The records appear below. Set down exactly each line from the one that contains "Knowing that you" through the last, both included.
(EXTRACTED RECORDS)
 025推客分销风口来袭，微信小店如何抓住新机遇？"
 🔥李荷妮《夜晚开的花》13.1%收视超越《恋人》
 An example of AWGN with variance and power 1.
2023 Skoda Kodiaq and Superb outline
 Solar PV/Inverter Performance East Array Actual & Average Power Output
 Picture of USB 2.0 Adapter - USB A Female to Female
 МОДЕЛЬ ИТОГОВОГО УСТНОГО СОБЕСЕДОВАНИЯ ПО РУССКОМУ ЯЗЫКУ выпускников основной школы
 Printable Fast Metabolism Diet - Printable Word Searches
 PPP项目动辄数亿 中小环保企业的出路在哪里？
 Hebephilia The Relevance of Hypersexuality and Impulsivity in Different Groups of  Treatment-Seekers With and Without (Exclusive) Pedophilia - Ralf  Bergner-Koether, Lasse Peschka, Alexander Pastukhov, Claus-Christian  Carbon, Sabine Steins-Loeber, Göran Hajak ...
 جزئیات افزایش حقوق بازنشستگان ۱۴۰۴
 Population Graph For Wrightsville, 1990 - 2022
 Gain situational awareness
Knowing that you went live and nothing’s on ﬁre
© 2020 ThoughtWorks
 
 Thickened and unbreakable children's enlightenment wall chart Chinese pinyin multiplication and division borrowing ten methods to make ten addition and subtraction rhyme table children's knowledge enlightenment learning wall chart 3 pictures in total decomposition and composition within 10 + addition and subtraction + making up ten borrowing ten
(End EXTRACTED RECORDS)
SOLUTION TO THE EXERCISE |
Knowing that you went live and nothing’s on ﬁre
© 2020 ThoughtWorks
 
 Thickened and unbreakable children's enlightenment wall chart Chinese pinyin multiplication and division borrowing ten methods to make ten addition and subtraction rhyme table children's knowledge enlightenment learning wall chart 3 pictures in total decomposition and composition within 10 + addition and subtraction + making up ten borrowing ten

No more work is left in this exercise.